Apart from my consulting as part of ScaleIn, I also invest to bootstrap companies with really disruptive ideas; and in the process met few database specific companies who are already in launching stage.
Was little surprised to see people are spending lot of time and efforts in still evaluating, implementing and stabilizing distributed clustering solutions by themselves instead of making use of existing services in the public domain (especially part of apache foundation) as there is no need to reinvent the wheel (well, that’s personal take).
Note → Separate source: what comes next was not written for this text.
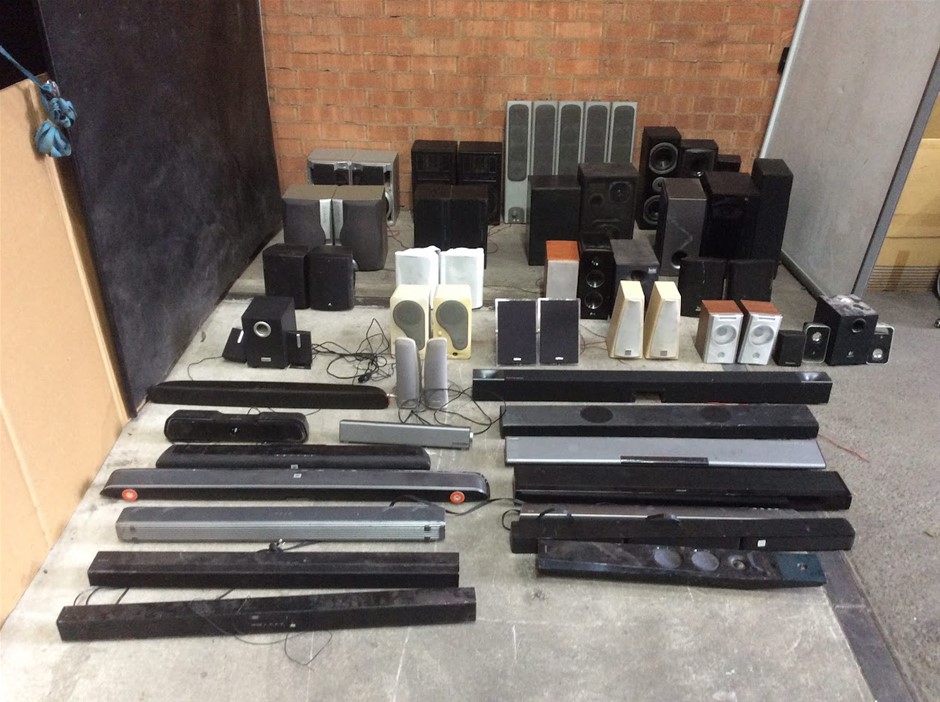 Mixed Brand Soundbars, Home Theater Speakers & Subwoofers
Both Zookeeper and Spread toolkit is actively used by number of popular projects like HBase, Solr, Neo4J, Storm, Kafka, Norbert, etc. uses Zookeeper as their clustering co-ordination service and Vertica Analytics DB uses spread as their default clustering service; its worth to investigate and extend the existing open-source services and support them by choosing the right service that fits the most; instead of developing new custom solutions.
Especially, even if you don’t want to deal at the zookeeper level by extending its services, solutions like Norbert (used by LinkedIn) integrates client/server solutions by combining with netty and protocol buffers (or you can extend with thrift) for easy adoption and integration by enabling compatibility with all leading language bindings.
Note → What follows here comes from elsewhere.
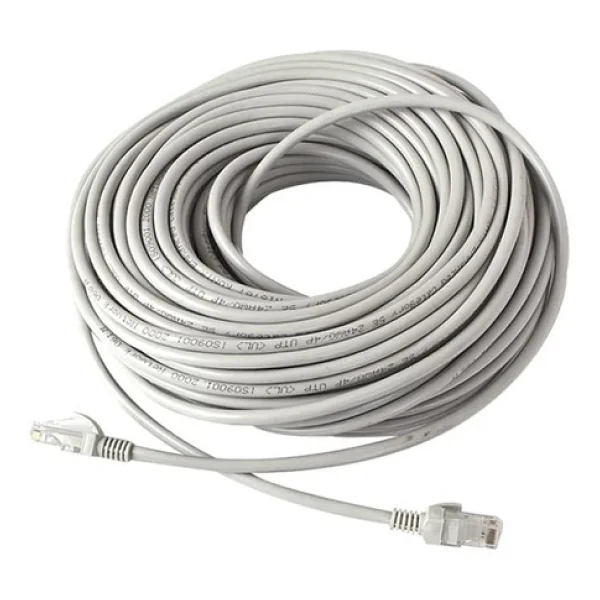 Powermaster Cat5 Network Ethernet İnternet Kablosu 40 Metre Kablo Gri Kaliteli - Görsel 3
Apart from Zookeeper and Spread, there are number of distributed services available to support clustering and quorum mechanism to elect the primary candidate (master/writer or reader/slave) along with providing various sync services by isolating the functionality with redundancy; or opt for simple publish-subscribe model like kafka, rabbitmq, or any other messaging service, etc. based on ordering/ priority / guaranteed delivery / ACK, etc. as deemed.
Currently, any OLTP system (like MySQL or PostgreSQL or any RDBMS system for the matter of fact,
non clustered) can use these services to provide high availability (HA) and load balancing (LB); but can’t guarantee the data consistency and replication (it can with proper scripting or manual invention). For example, here is a simple wrapper for redis HA solution using Zookeeper; pretty much same applies to any client/server architecture.
Still waiting for a simple distributed co-coordinating service that really supports atomicity and consistency over distributed nodes by segmentation (segmentation is controlled by replication factor – user defined by table or globally across cluster) without write ahead log (transactional redo log). Within cluster all nodes uses multi-phase commit (user controlled beyond 1 node to persist on segmented nodes or all at once ACK if business logic depends on latest copy on all segmented nodes due to distribution of requests), so that any OLTP system can make use of these services (with a little overhead on performance, user controlled though).
Redo log on the other hand, can be used mainly for redundant cluster.